Lénine, cité ci-dessus, a expliqué que les guerres impérialistes étaient menées entre autres pour empêcher la guerre civile de se déclarer, car la bourgeoisie a peur d’être renversée domestiquement. C’est tout à fait vrai. C’est pourquoi la seule manière de s’opposer à la guerre impérialiste, c’est de lui déclarer la guerre révolutionnaire, la guerre populaire. Le Président Mao, grand révolutionnaire chinois, écrivait : « Dès que l’humanité aura supprimé le capitalisme, elle entrera dans l’ère de la paix perpétuelle et elle n’aura plus besoin de faire la guerre. Il n’y aura plus besoin d’armées, de vaisseaux de guerre, d’avions militaires ni de gaz toxiques. Dans tous les siècles des siècles, l’humanité ne connaîtra plus jamais de guerres. Les guerres révolutionnaires qui ont déjà commencé font partie de cette guerre pour la paix perpétuelle. […] L’histoire montre que les guerres se divisent en deux catégories : les guerres justes et les guerres injustes. Toute guerre progressiste est juste et toute guerre qui fait obstacle au progrès est injuste. […]La Première guerre mondiale est un exemple de guerre injuste ; les deux parties y combattaient pour des intérêts impérialistes, et c’est pourquoi les communistes du monde entier s’y sont résolument opposés. Voici comment il faut lutter contre une telle guerre : avant qu’elle n’éclate, il faut faire tous les efforts possibles pour l’empêcher, mais une fois qu’elle a éclaté, il faut, dès qu’on le peut, lutter contre la guerre par la guerre, opposer à une guerre injuste une guerre juste. […] Notre guerre est une guerre sacrée, juste et progressiste ; son but est la paix, non pas la paix pour un seul pays, mais la paix pour tous les pays du monde, non pas une paix temporaire, mais une paix perpétuelle. Pour atteindre ce but, il faut mener une lutte à mort, il faut être prêt à accepter n’importe quel sacrifice et tenir jusqu’au bout ; il ne faut jamais cesser la lutte avant que le but soit atteint. […] Les fascistes et les impérialistes veulent que les guerres se poursuivent indéfiniment. Quant à nous, nous voulons mettre un terme aux guerres dans un temps qui ne soit pas très éloigné. […] Cet espoir n’est pas vain, car le cours du développement social et économique dans le monde nous en rapproche déjà ; et si la majorité des hommes redouble d’efforts, notre but sera sûrement atteint dans quelques dizaines d’années. »[4]

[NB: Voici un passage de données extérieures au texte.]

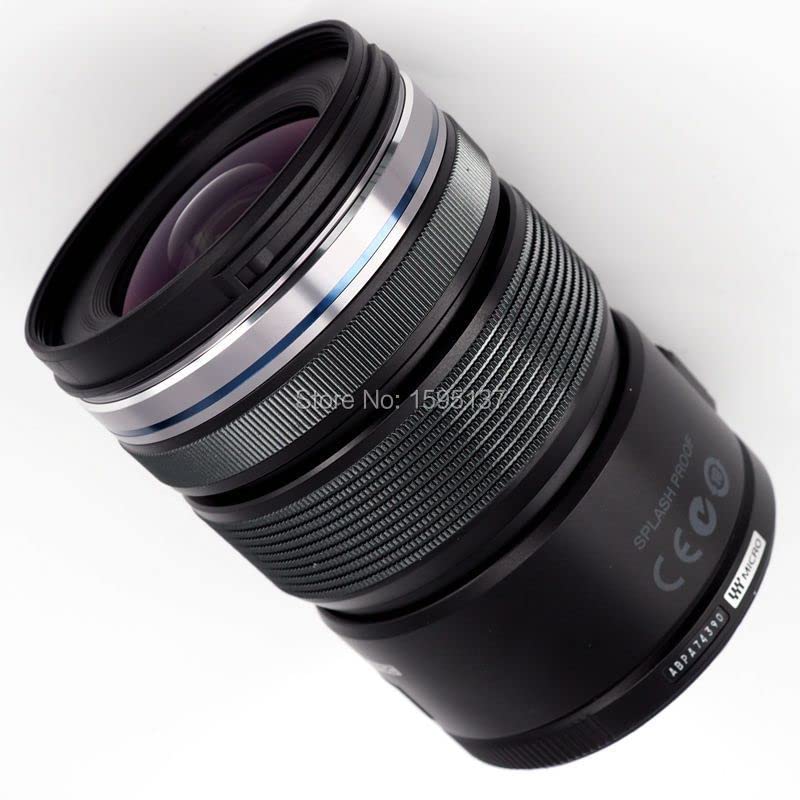 Compatible con Lente Olympus 12-50 mm EZ Lente 12-50 mm (95% Nuevo sin Caja de Embalaje Original)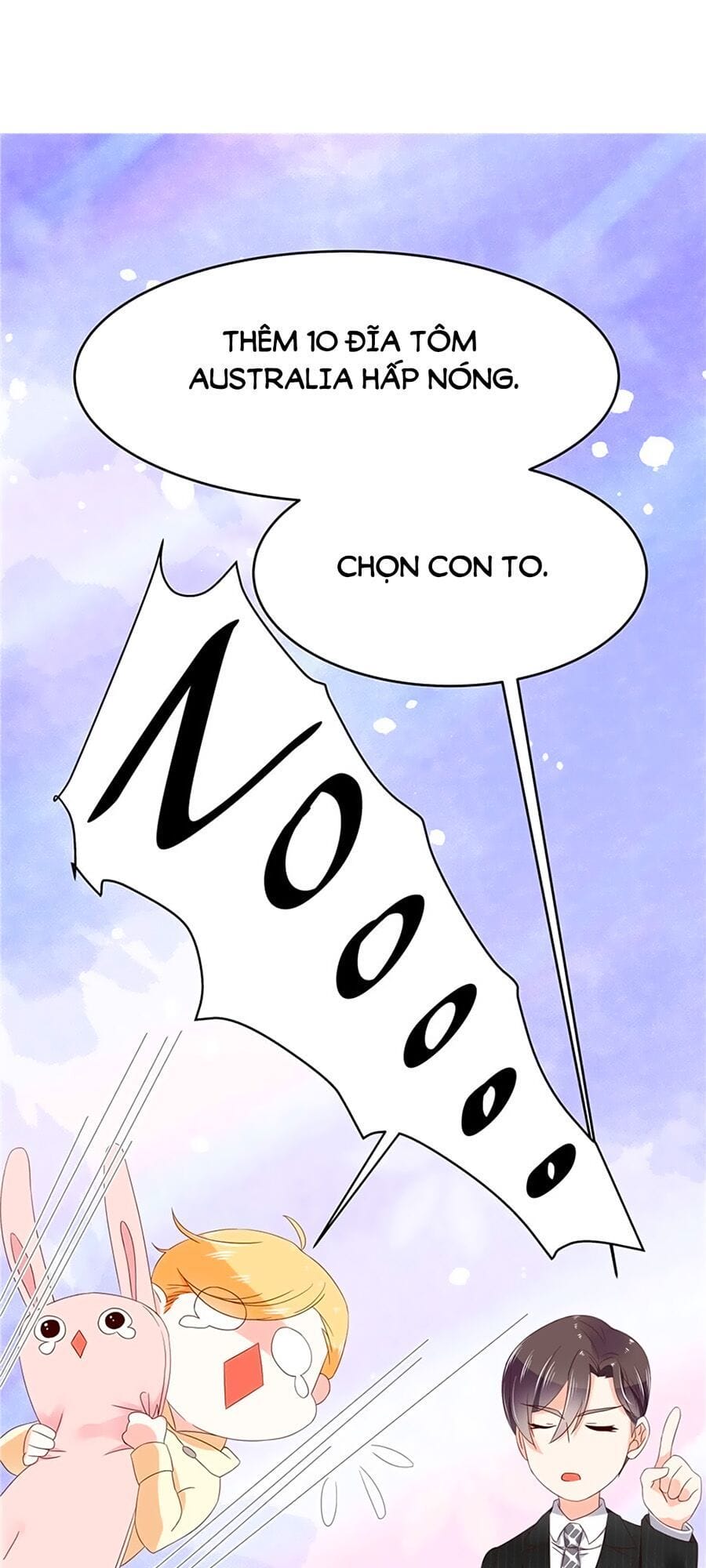 Truyện Tranh Nam Thần Quốc Dân Là Nữ - The National Hotboy Is A Girl trang 6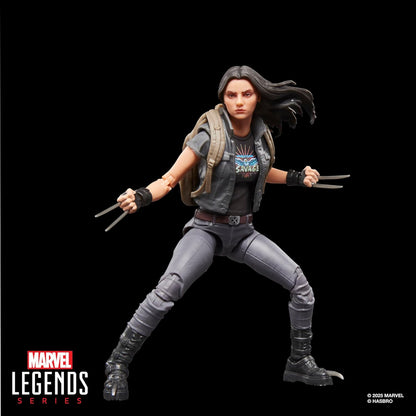 Marvel Legends Series: Deadpool & Wolverine - X-23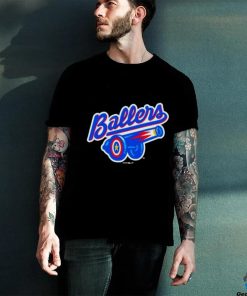 Columbia County Cannons Ballers Logo Shirt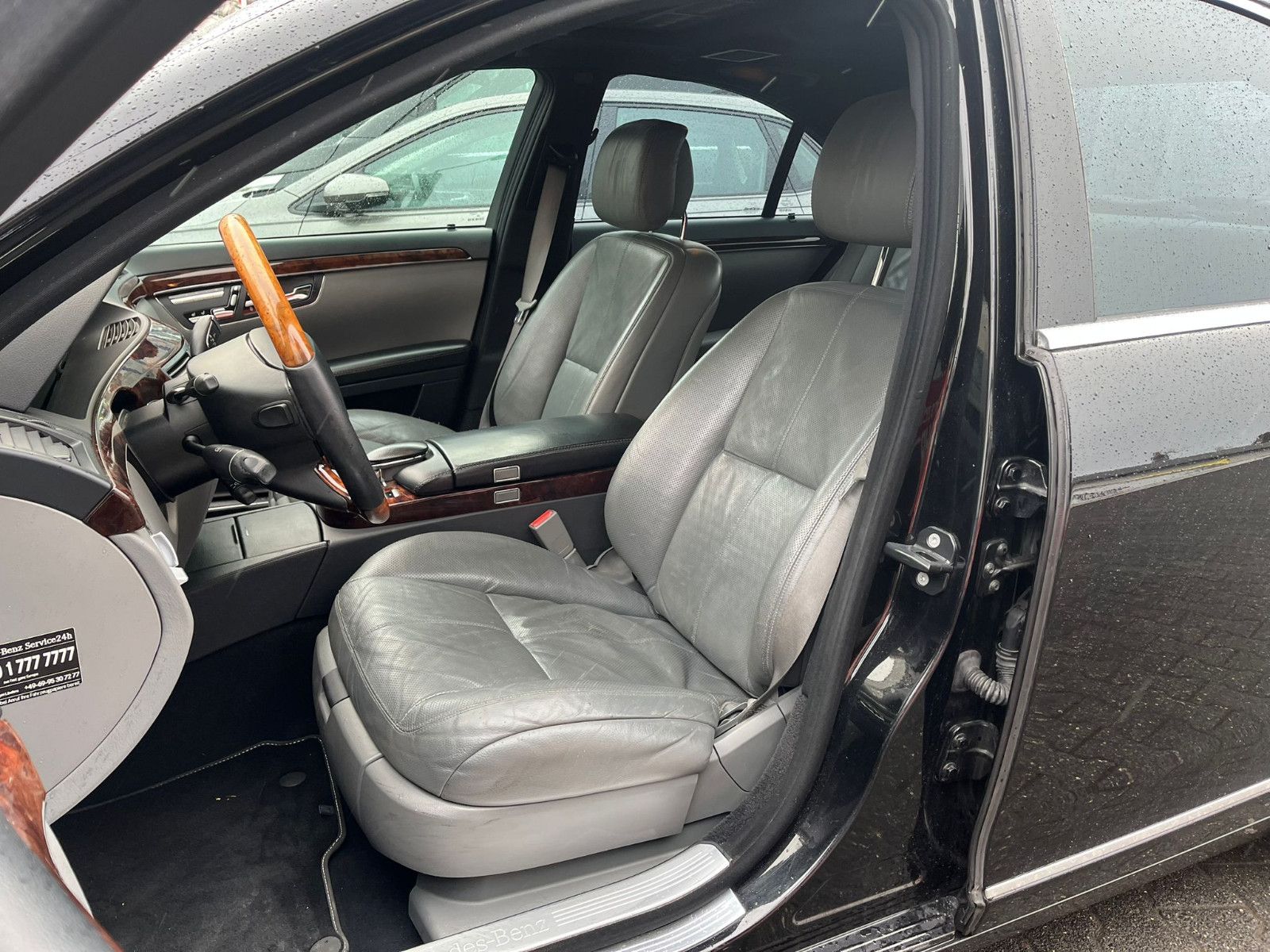 Fahrzeugabbildung Mercedes-Benz S 350 4Matic Limousine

Ainsi, nous avons vu plus haut ce que les impérialistes préparent pour la décennie 2020 et pour les années qui suivent. Il ne tient qu’à nous de nous opposer à leur guerre de façon conséquente, pour que l’humanité conquiert finalement la paix perpétuelle.
[1]Préface à l’édition italienne du Manifeste du Parti Communiste, Friedrich Engels
[2]Préface aux éditions françaises et allemandes, l’Impérialisme, stade suprême du capitalisme, Lénine
[3] Matériau essentiel dans l’électronique, polyvalent entre matériau conducteur et isolant.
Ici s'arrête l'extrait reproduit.